L’un des temples les plus impressionnants du Tibet oriental est le monastère de la miséricorde universelle près de la ville de colons chinois de Hongyuen. Il a été bâti en béton par les autorités comme une vitrine destinée à impressionner les dignitaires étrangers en visite. Mais quand on y regarde de plus prés, on s’aperçoit que le monastère est vide et fermé. Quelques hommes se disant moines habitent des huttes en dehors du monastère et paraissent ne guère se soucier de leurs devoirs de religieux.
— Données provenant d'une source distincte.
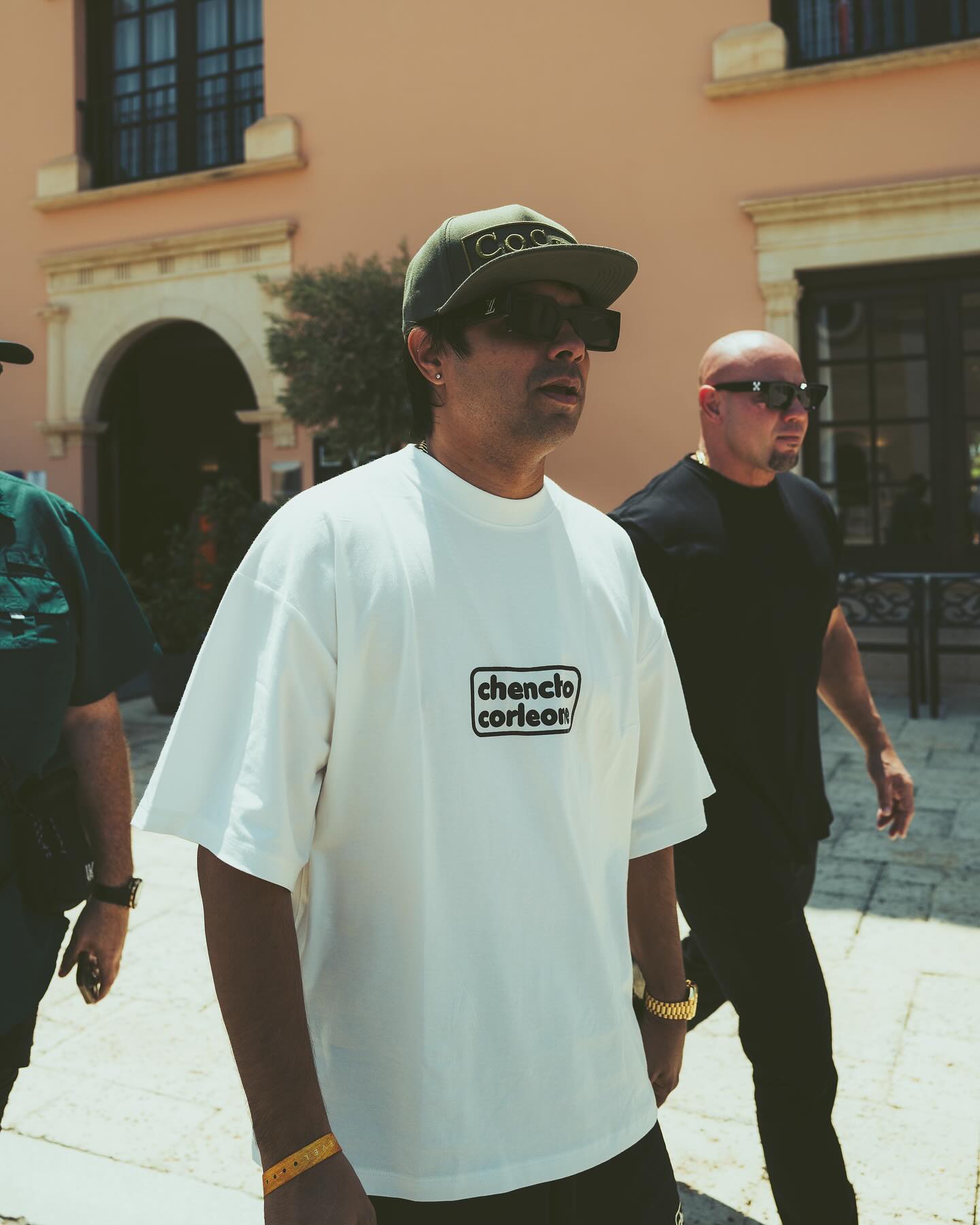 Chencho Corleone wearing the off-white oversized T-shirt customized by Xtextile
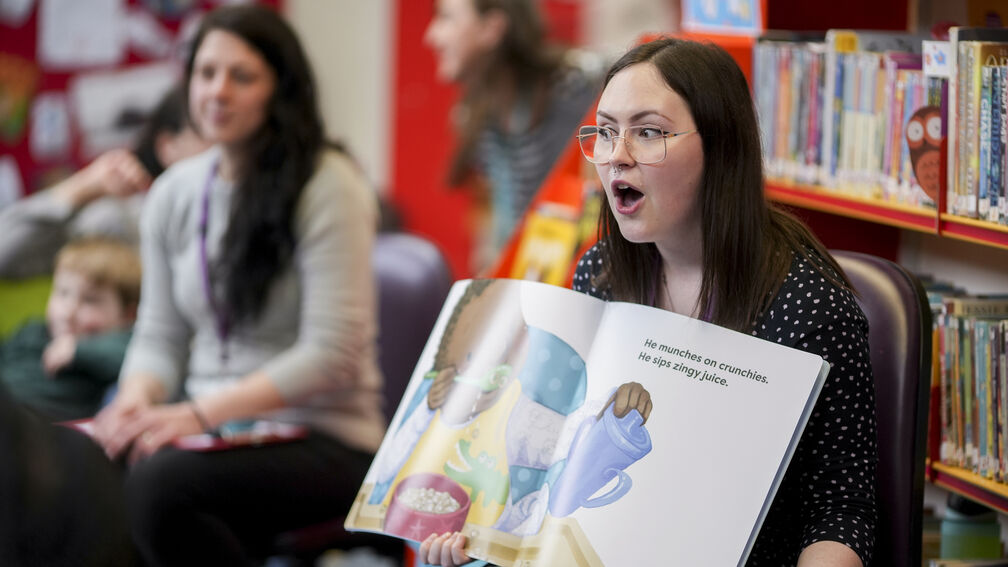 A librarian reading out a picture book to a group of children with an animated expression on her face.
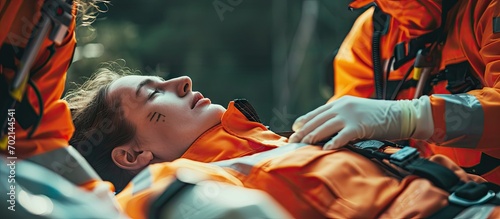 A firefighter leans over to check the pulse and breathing of a victim lying on the floor Saving people. with copy space image. Place for adding text or design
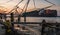 big cargo boat and old Chinese fishing nets during the Golden Hours at Fort Kochi, Kerala, India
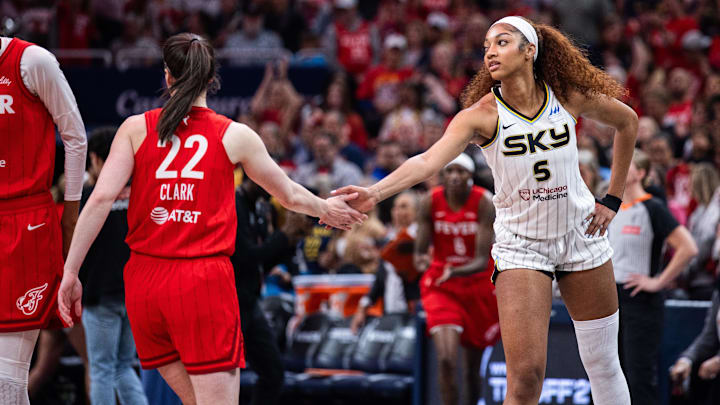 May 17, 2025; Indianapolis, Indiana, USA; Indiana Fever guard Caitlin Clark (22) and Chicago Sky forward Angel Reese (5) shake hands before the game at Gainbridge Fieldhouse. Mandatory Credit: Trevor Ruszkowski-Imagn Images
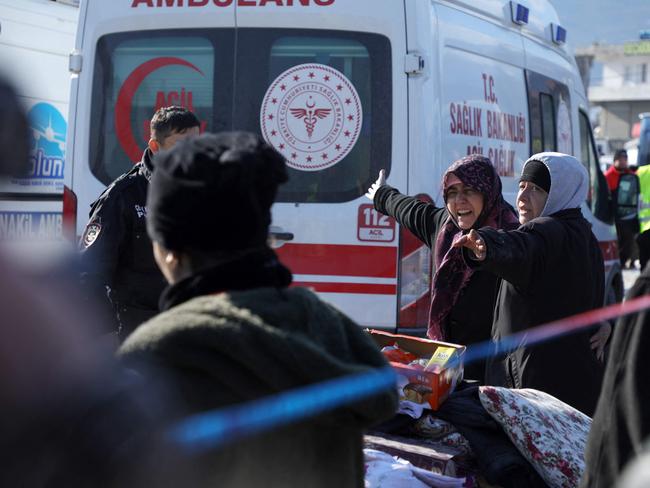 Women weep near an ambulance after the body of their relative was retrieved in the rubble of destroyed buildings in Nurdagi, in the hard hit region of Gaziantep. Picture: AFP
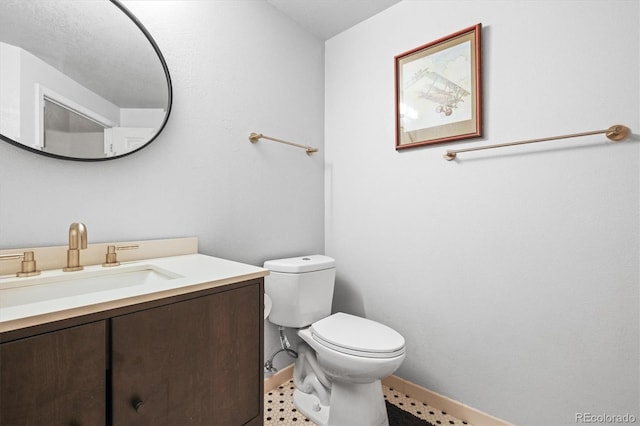 444 17th St Unit 603, Denver, CO 80202 - half bathroom with baseboards, toilet, and vanity
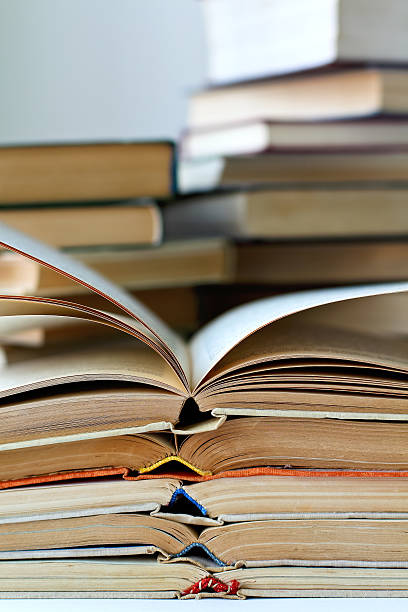 istock stacks of old opened books, closeup view 534460588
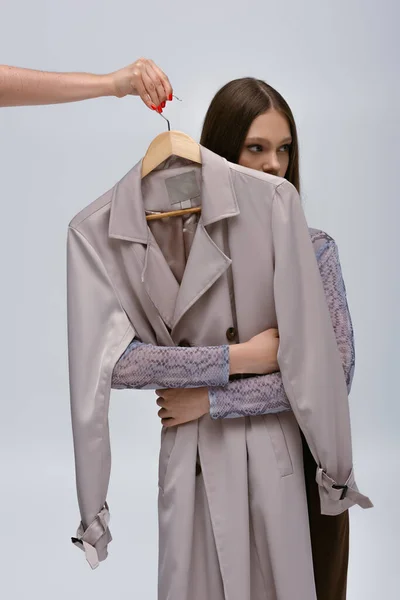 Модель-подросток, обнимающая стильное пальто, в то время как женщина, держащая вешалку, изолирована на сером — стоковое фото
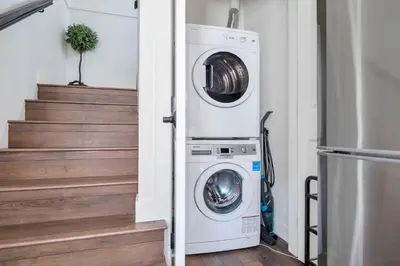 a laundry room with a washer and dryer at Minimal - 90 nights min in Vancouver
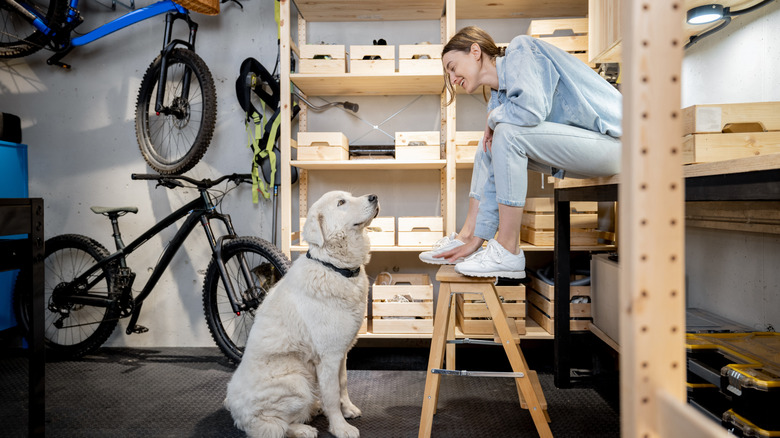 Lady talking to her dog in garage with wooden shelf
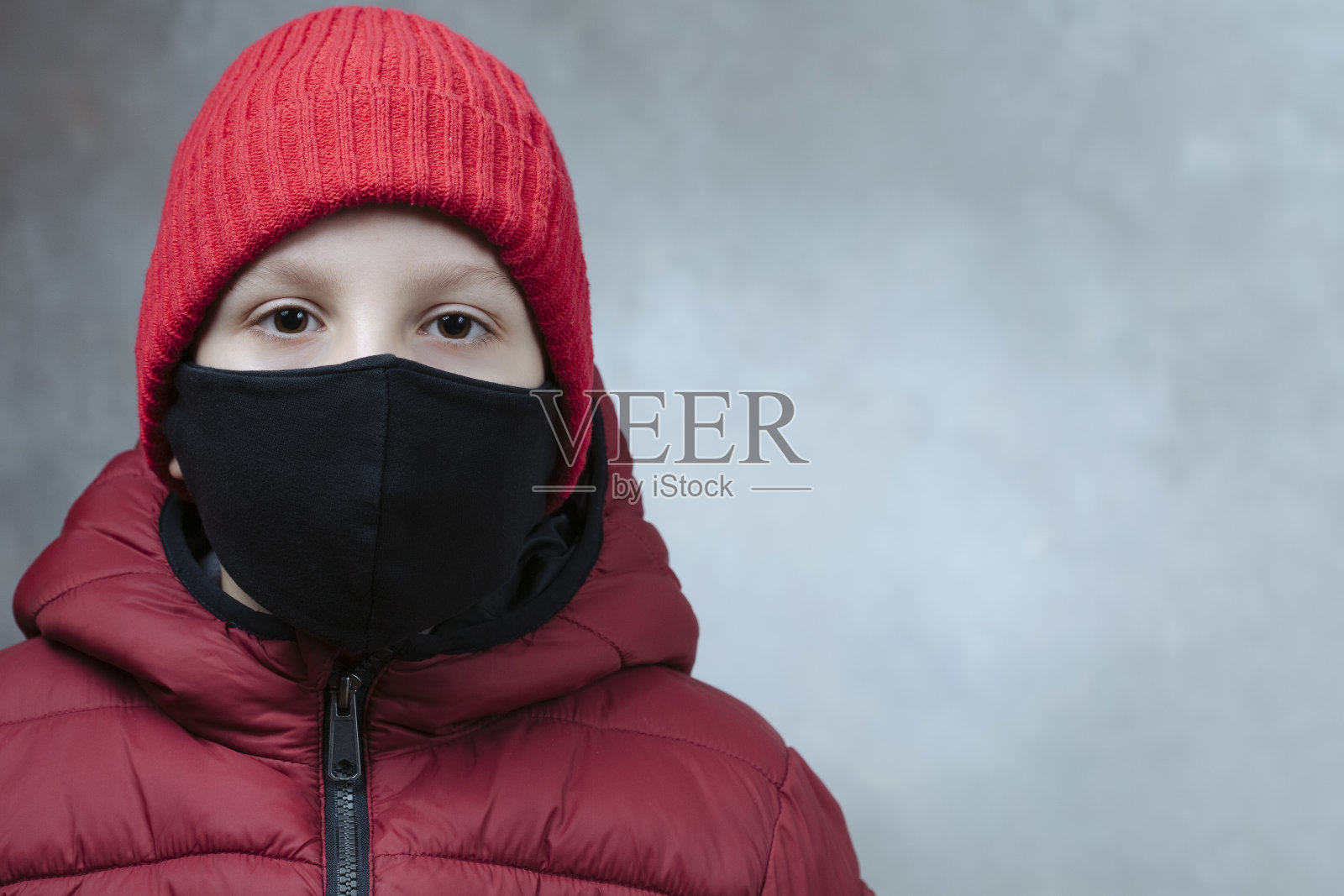 男孩戴着冬季防护冠状病毒的安全黑色口罩,红色夹克和红色帽子,背景受损。特写。Covid-19在全球爆发照片摄影图片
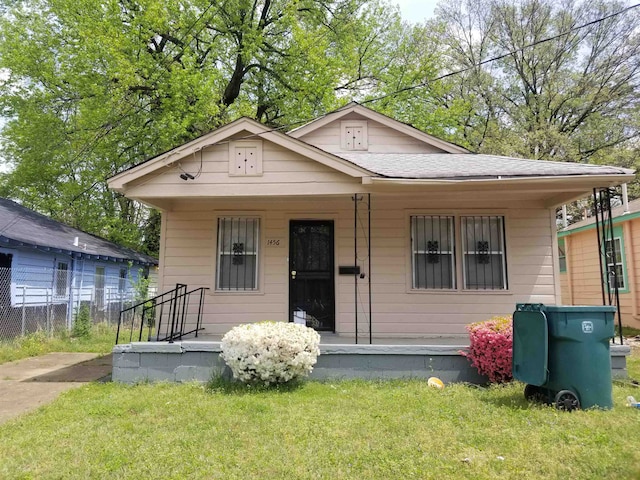 bungalow-style home with a front lawn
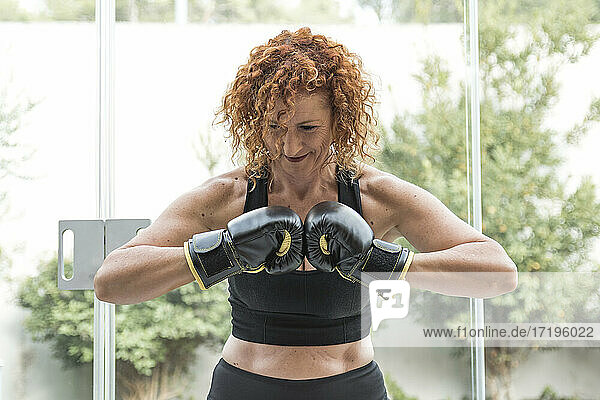 Reife rothaarige Frau stößt Boxhandschuhe an  Fitness zu Hause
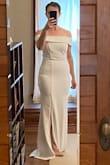 I exchanged the XS, which fit better in the bodice, for the S which is pictured in my photos and works better for me in the hips. Of the two dresses I'm wavering between, this is my friends' favorite because it's unusual and classy. The fabric is stretchy, smooth, and comfortable, and it feels like the top will stay put. I considered hemming it to just-below-knee length, because it is also beautiful that way. With a few inches off the hem (Photos show me in 3" heels), this may be the dress I end up with! - Gennevieve W.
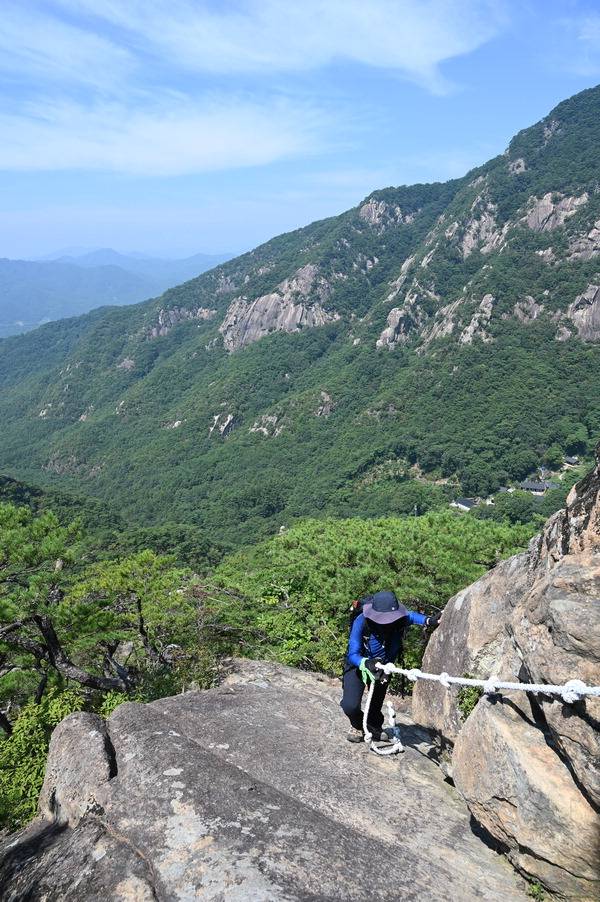 남근석을 지나 로프가 묶인 암릉을 오르는  취재팀 뒤로 배바위와 무암사가 보인다.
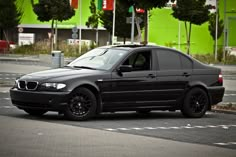 a black car is parked on the street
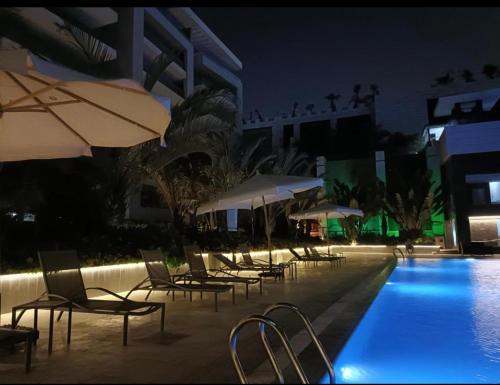 a row of chairs and umbrellas next to a swimming pool at night at Ocean Blue Luxury serviced Hotel Apartments in Cairo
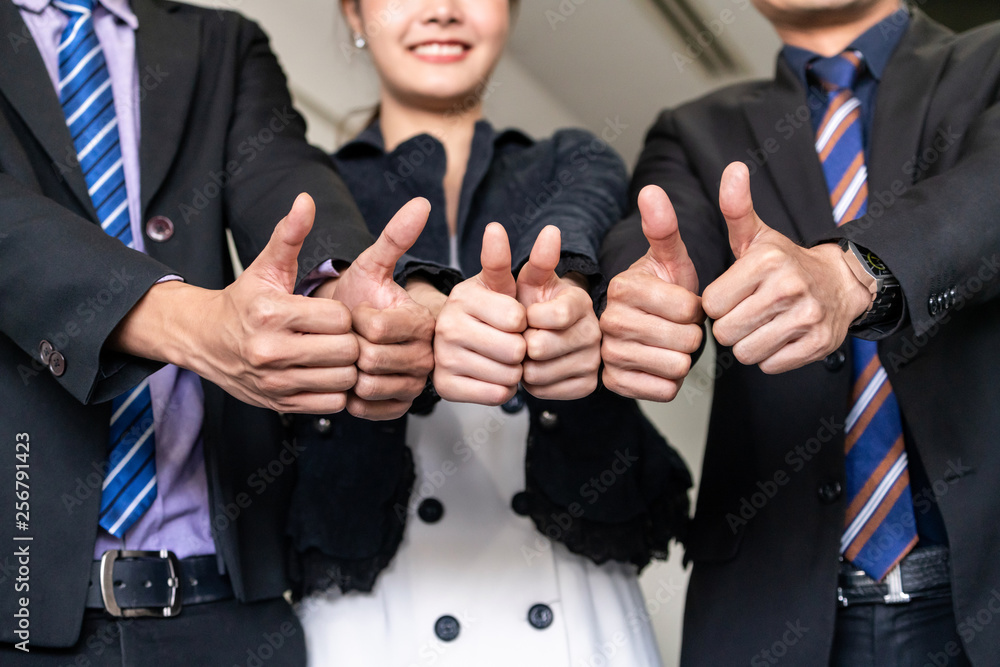 Wall mural Many happy business people make thumbs up sign join hands together with joy and success. Company employee celebrate after successful work project. Corporate partnership and achievement concept.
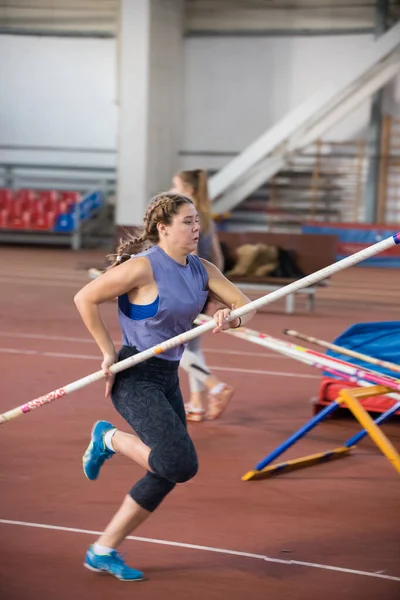 Pole vaulting indoors - young woman with pigtails running with a pole in the hands — 图库照片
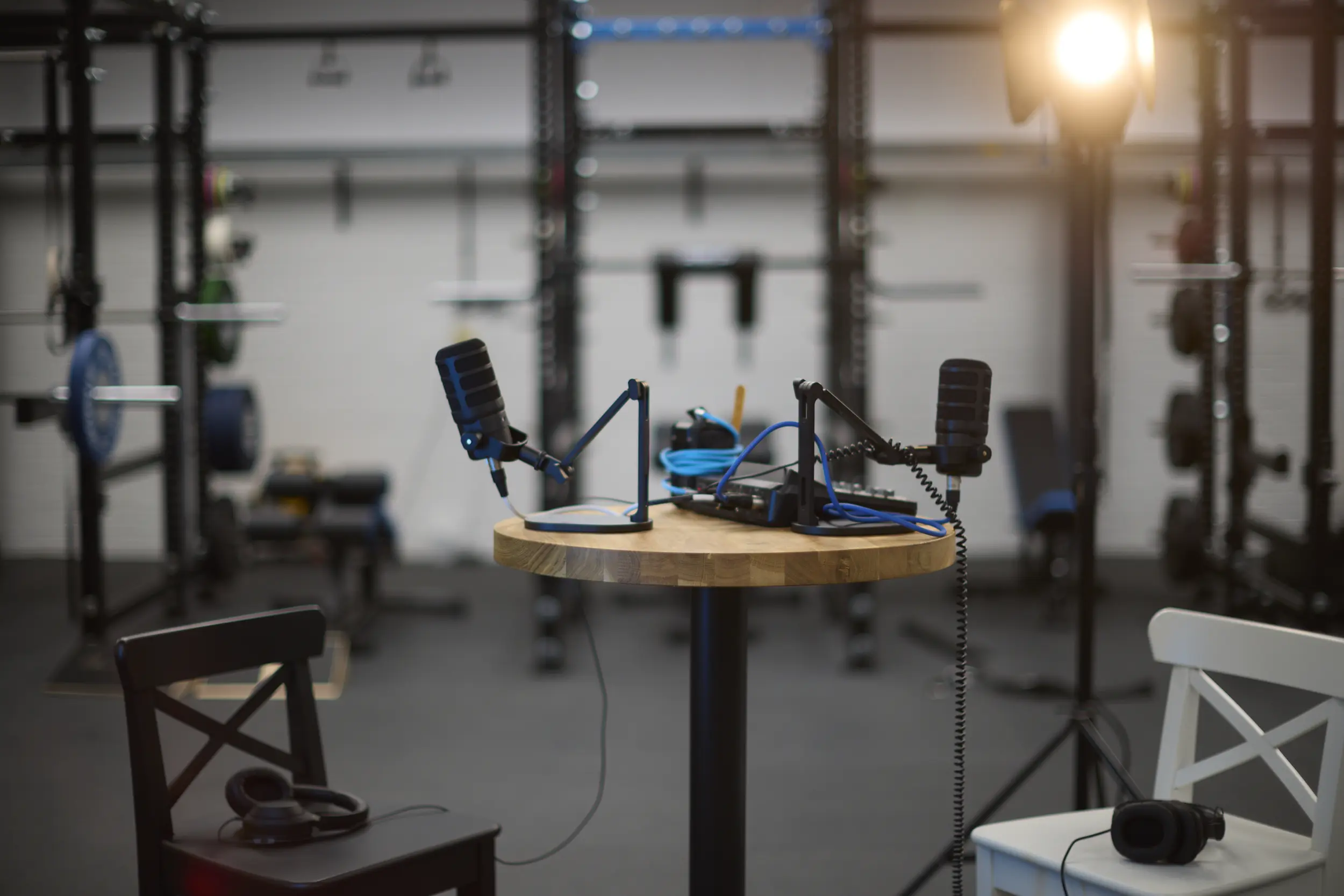 Podcast setup with two microphones on a round wooden table and headphones on two chairs in a gym with weightlifting equipment in the background.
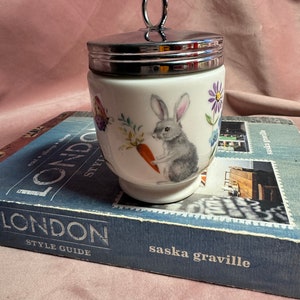 May include: A white ceramic egg cup with a silver lid and handle. The cup is decorated with a gray rabbit holding a carrot, a butterfly, and flowers. The egg cup is sitting on a blue book.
Ils ont refusé d’accepter une photo du Dalaï lama, ce qui est choquant dans un pays où beaucoup de Tibétains tombent à genoux quand ils prennent conscience qu’ils voient pour la première fois la photo de leur chef religieux.
En contraste avec le temple de la miséricorde universelle, d’autres monastères de la région sont bien vivants du chant des moines et du chahut d’enfants turbulents. Quelques-uns de ces monastères ont la taille d’une petite ville, logeant quelques milliers de personnes et possédant même des écoles primaires de langue chinoise. Mais aucun des moines ou des acolytes – le plus jeune est âgé de quatre ans – ne va dans une école chinoise. Ils reçoivent tous une éducation en langue tibétaine dans les monastères. “Beaucoup plus d’enfants qu’il n’est autorisé par les Chinois veulent être éduqués dans les monastères, explique un abbé. Les Chinois doivent donner leur autorisation pour chacun des enfants qui manifestent l’intention de devenir moines. Plus d’un garçon sur six aujourd’hui demande à entrer au monastère
Sans aucun doute la présence chinoise a apporté un certain progrès à la région. Au Tibet oriental, les Chinois ont construit des routes, introduit l’électricité, le téléphone et même le karaoké. “Avant 1950, les Tibétains n’avaient rien à faire de ces objets de luxe, ils se préoccupaient surtout de religiondit un expert européen. Le progrès pourtant a été sélectif : la plupart des Tibétains utilisent encore les chevaux et les yacks pour les transports et les villages tibétains se distinguent facilement de ceux des colons chinois parce qu’ils n’ont ni électricité ni téléphone. Quelques-uns des changements ont été pour le pire. La plupart des montagnes sont dénudées à cause des coupes de bois massives. En dépit des dénégations chinoises le déboisement continue et les visiteurs peuvent voir nombre de camions chargés de bois roulant en direction de la Chine.